Humans love to compare, but when comparison turns into a competition of wagering your miseries, the game can never be won. Let the rounds begin!

4 MIN READ

Round 1: School 

From Barbie dolls to collegiate degrees to promotions in the workplace, people relish in comparing their assets and accomplishments with others. While this is a natural human practice, it can become detrimental when the intensity level of one’s complaint list translates to a measure of their work ethic and success. 

This game of comparing the miseries in one’s life to those of their peers has an official name—Misery Poker—which seems to be a direct product of American culture. Even within the media which capitalizes on highlighting tragedy or the drama of cancel culture, it is evident how our interactions are becoming increasingly defined by hypercriticism. 

According to Rena Steiner, a licensed family and marriage counselor, people manifest their desire to be seen and heard by listing the negative aspects of their life. “It catches people’s attention; it allows one to feel power over another when one’s vying stories of misery,” Reiner said. “However, the ‘power’ effect of engaging in this way is short-lived.”

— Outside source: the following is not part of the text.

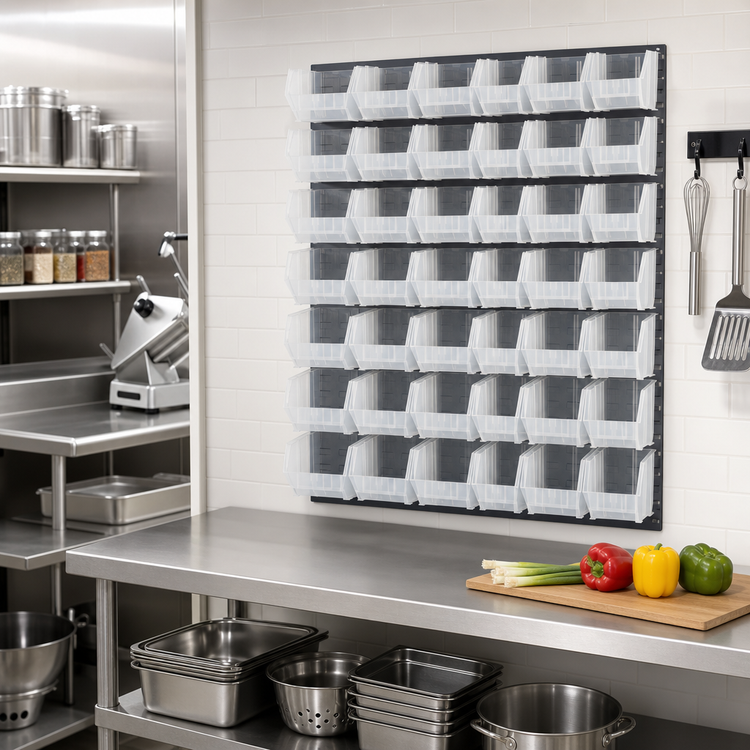 Product image #2 for Quantum Wall-Mounted Louvered Panel Starter Unit with 35 Clear Bins, 48 x 15 x 61 Inches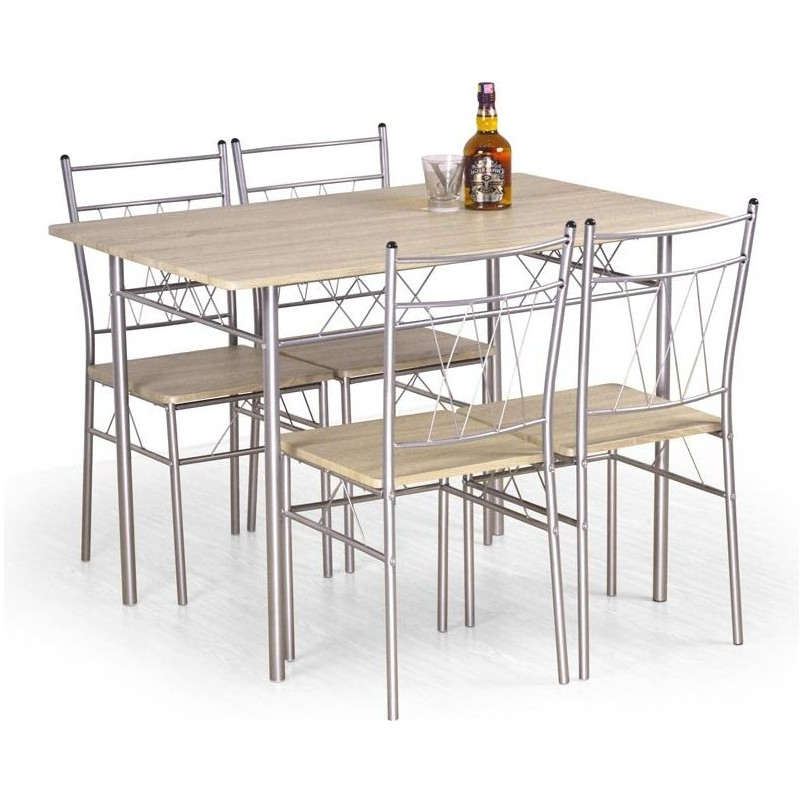 Zestaw stół + 4 krzesła FAUST dąb sonoma/srebrny marki Halmar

Paly students are no exception to the game, whether they are players of power or victim to feelings of subsequent powerlessness. Freshman Noah Boyarsky views Misery Poker as a means to compare people with one another. “Misery Poker came from a place of everyone really struggling and people turning it into something they can brag about,” Boyarsky said. “But [Misery Poker] has now turned into where people start structuring their behavior like what classes they take and how many hours they sleep in order to win the game.” 

Even after two students lament about their homework assignments in a comparative way, both can still walk away feeling lonely and empty. In the midst of trying to make other people sorry for them, students often end up putting more pressure on themselves after hearing about the responsibilities and miseries of their peers. 

Freshman Juliana Iruleggi found that Misery Poker adds a significant amount of pressure on students. “It makes students feel like they need to try harder just to get up to average or need to go through a lot more pain just to feel like everyone else,” Iruleggi said. 

The need to outcompete is not limited to the constraints of high school. Those who believe that success is measured by the content they can brag about often end up choosing to attend colleges and enter career paths that are more reputable. 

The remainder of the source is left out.